Federal Rule of Civil Procedure 54(d)(1) establishes a general rule that costs of litigation, other than attorney's fees, should be awarded to a prevailing party. However, whether to award costs and the amount of costs to be awarded are matters within the discretion of the trial court. Marx v. Gen. Revenue Corp., 568 U.S. 371, 377 (2013). Costs may be refused under Rule 54(d)(1) only if the district court "justif[ies] its decision by 'articulating some good reason for doing so.'" Teague v. Bakker, 35 F.3d 978, 996 (4th Cir. 1994) (quoting Oak Hall Cap & Gown Co. v. Old Dominion Freight Line, Inc., 899 F.2d 291, 296 (4th Cir. 1990)). The losing party's good faith is not sufficient on its own to warrant a denial of costs, although it is a prerequisite to denying costs to the winner. See Cherry v. Champion Int'l Corp., 186 F.3d 442, 446 (4th Cir. 1999).
The Fourth Circuit has held that financial inability to pay may be considered by the court in denying an award of costs. See id. at 446; Teague, 35 F.3d at 996. Similarly, this court has previously ruled that the losing party's financial resources merit consideration in determining whether to deny costs. Musick v. Dorel Juvenile Grp., No. 1:11CV00005, 2012 WL 473994, at *1 (W.D. Va. Feb. 13, 2012); Crusenberry v. Boddie-Noell Enters., Inc., No. 2:99CV00129, 2001 WL 418737, at *2 (W.D. Va. Mar. 15, 2001).
When a case is particularly close and difficult, courts are willing to deviate from the general rule and deny a request for costs. A case's closeness "is judged not by whether one party clearly prevails over another, but by the refinement of perception required to recognize, sift through and organize relevant evidence, and by the difficulty of discerning the law of the case." Va. Panel Corp. v. MAC Panel Co., 203 F.R.D. 236, 237 (W.D. Va. 2001) (quoting White & White, Inc. v. Am. Hosp. Supply Corp., 786 F.2d 728, 732-33 (6th Cir. 1986)).
I find that this case was a relatively close and difficult one. The case turned on a narrow issue for which little guiding precedent existed and on which the evidence fell close to the line. I allowed the parties to offer supplemental evidence and briefing in order to aid me in the resolution of this issue. See ECF Nos. 58, 68. I further find that Trail brought his claims in good faith.
Additionally, I conclude that the plaintiff's limited means would make the taxation of costs unjust in this case.

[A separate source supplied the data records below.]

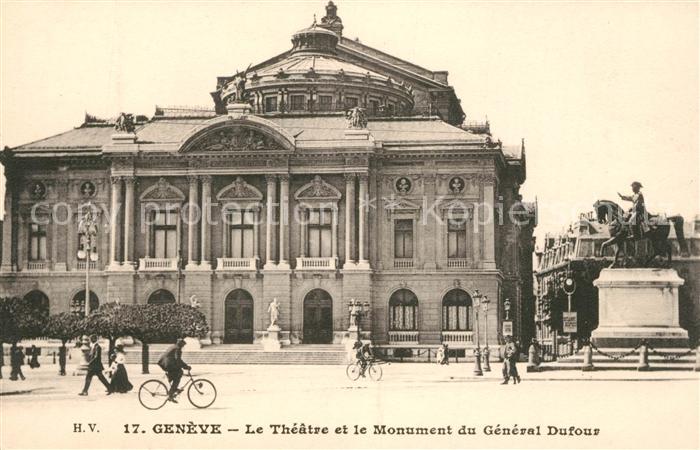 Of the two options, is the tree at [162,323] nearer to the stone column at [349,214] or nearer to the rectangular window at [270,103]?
the stone column at [349,214]

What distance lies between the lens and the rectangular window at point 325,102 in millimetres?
62062

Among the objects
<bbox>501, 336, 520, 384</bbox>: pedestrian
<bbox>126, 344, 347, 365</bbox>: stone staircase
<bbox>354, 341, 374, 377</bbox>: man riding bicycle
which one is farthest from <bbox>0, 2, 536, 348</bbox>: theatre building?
<bbox>501, 336, 520, 384</bbox>: pedestrian

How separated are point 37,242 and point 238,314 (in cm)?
1068

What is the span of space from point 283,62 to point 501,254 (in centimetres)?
1748

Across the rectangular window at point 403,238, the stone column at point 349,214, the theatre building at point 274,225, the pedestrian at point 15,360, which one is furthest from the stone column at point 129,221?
the pedestrian at point 15,360

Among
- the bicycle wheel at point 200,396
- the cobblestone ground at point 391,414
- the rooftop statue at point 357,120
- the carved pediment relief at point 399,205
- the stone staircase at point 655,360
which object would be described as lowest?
the cobblestone ground at point 391,414

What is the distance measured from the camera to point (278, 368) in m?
47.2

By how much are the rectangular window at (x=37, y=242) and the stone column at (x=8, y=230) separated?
942 millimetres

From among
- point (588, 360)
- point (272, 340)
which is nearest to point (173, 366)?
point (588, 360)

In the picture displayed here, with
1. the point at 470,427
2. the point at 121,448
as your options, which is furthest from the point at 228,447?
the point at 470,427

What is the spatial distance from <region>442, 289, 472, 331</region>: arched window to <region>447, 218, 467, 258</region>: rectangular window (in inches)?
68.7

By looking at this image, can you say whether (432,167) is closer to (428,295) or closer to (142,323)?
(428,295)

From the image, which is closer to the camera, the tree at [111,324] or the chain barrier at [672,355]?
the chain barrier at [672,355]

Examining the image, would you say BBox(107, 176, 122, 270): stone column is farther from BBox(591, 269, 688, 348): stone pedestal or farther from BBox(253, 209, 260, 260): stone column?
BBox(591, 269, 688, 348): stone pedestal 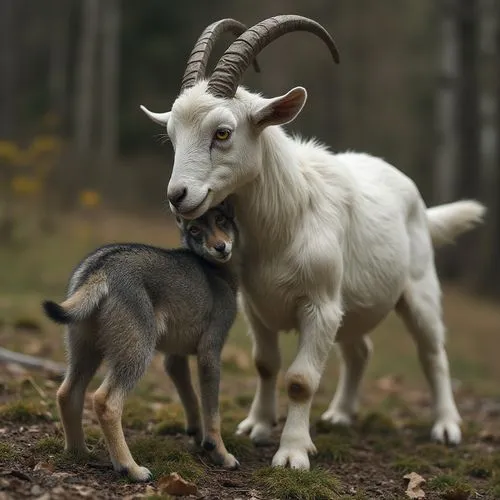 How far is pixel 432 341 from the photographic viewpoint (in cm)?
740

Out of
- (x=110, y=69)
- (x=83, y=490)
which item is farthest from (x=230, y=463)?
(x=110, y=69)

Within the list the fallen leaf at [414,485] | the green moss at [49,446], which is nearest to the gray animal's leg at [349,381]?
the fallen leaf at [414,485]

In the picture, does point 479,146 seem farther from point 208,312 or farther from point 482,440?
point 208,312

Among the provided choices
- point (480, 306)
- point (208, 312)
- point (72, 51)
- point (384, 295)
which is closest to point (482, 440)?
point (384, 295)

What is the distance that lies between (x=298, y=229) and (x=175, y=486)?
1.99 meters

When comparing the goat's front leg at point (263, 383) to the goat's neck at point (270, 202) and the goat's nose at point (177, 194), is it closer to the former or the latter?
the goat's neck at point (270, 202)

Although Trail did not offer evidence of his current income or assets, it is clear from the evidence contained in the summary judgment record that his wife is a homemaker and caretaker who earns little to no income and that one of his two children has a serious medical condition (unrelated to the leave at issue in this case) requiring ongoing treatment. While Trail, a welder, is a skilled worker, he was earning just under $19 per hour when his employment with Utility terminated. Assuming full-time employment, that would place his gross income at less than $40,000 per year for a family of four. Under these circumstances and considering his good faith in bringing this action and the closeness of the case, I find that Trail should not be required to pay costs.
For the foregoing reasons, it is ORDERED that the defendant's Bill of Costs, ECF No. 66, is DENIED.